Problem details: Output only the lines of the entries that follow, starting at the one with "BXOXO CustomizedShiny Pink" and running down to the one with "Download A NCAA", both included and unchanged.

Records for this task:
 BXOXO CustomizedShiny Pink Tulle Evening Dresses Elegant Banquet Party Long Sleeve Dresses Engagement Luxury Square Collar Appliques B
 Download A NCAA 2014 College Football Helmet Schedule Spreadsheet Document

...

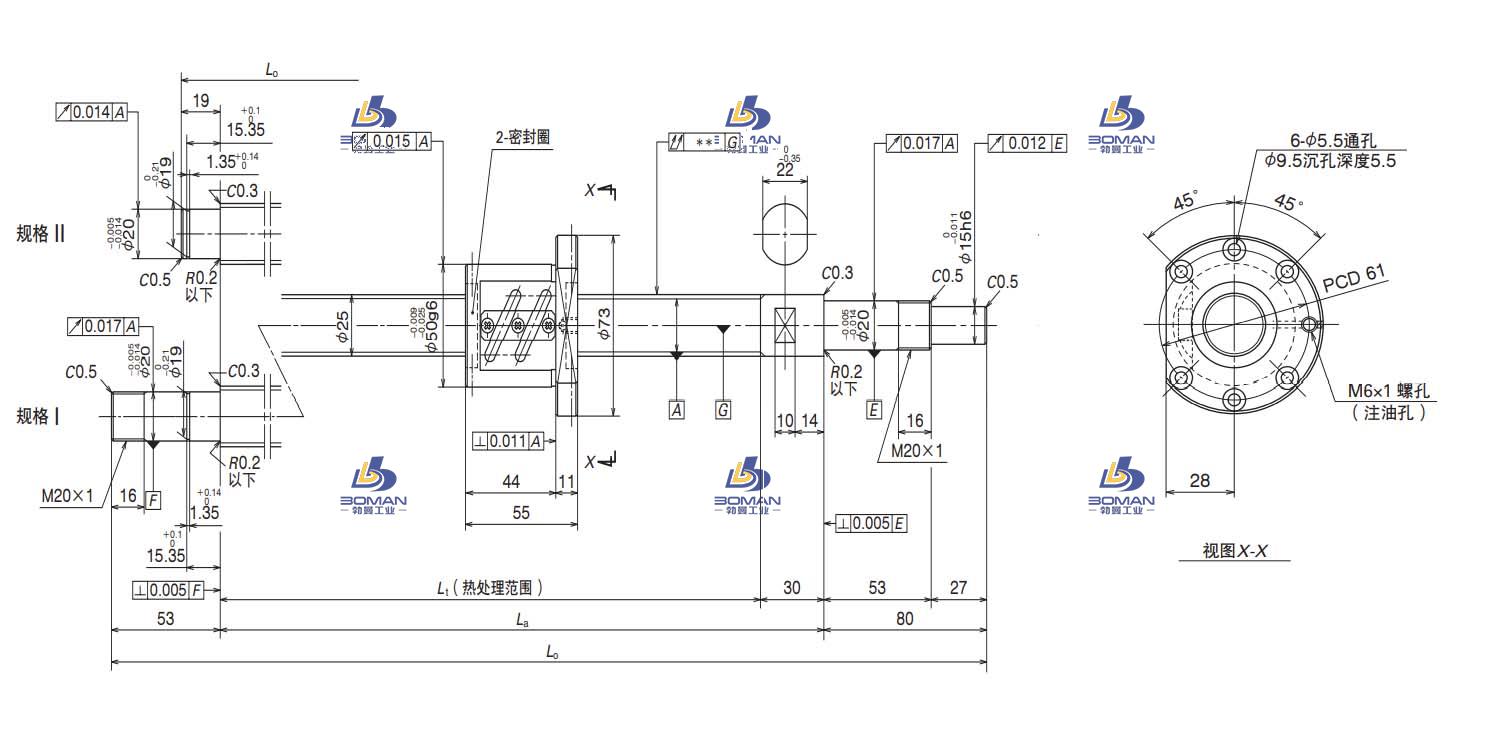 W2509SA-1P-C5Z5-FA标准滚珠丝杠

Solution to this problem:
 BXOXO CustomizedShiny Pink Tulle Evening Dresses Elegant Banquet Party Long Sleeve Dresses Engagement Luxury Square Collar Appliques B
 Download A NCAA 2014 College Football Helmet Schedule Spreadsheet Document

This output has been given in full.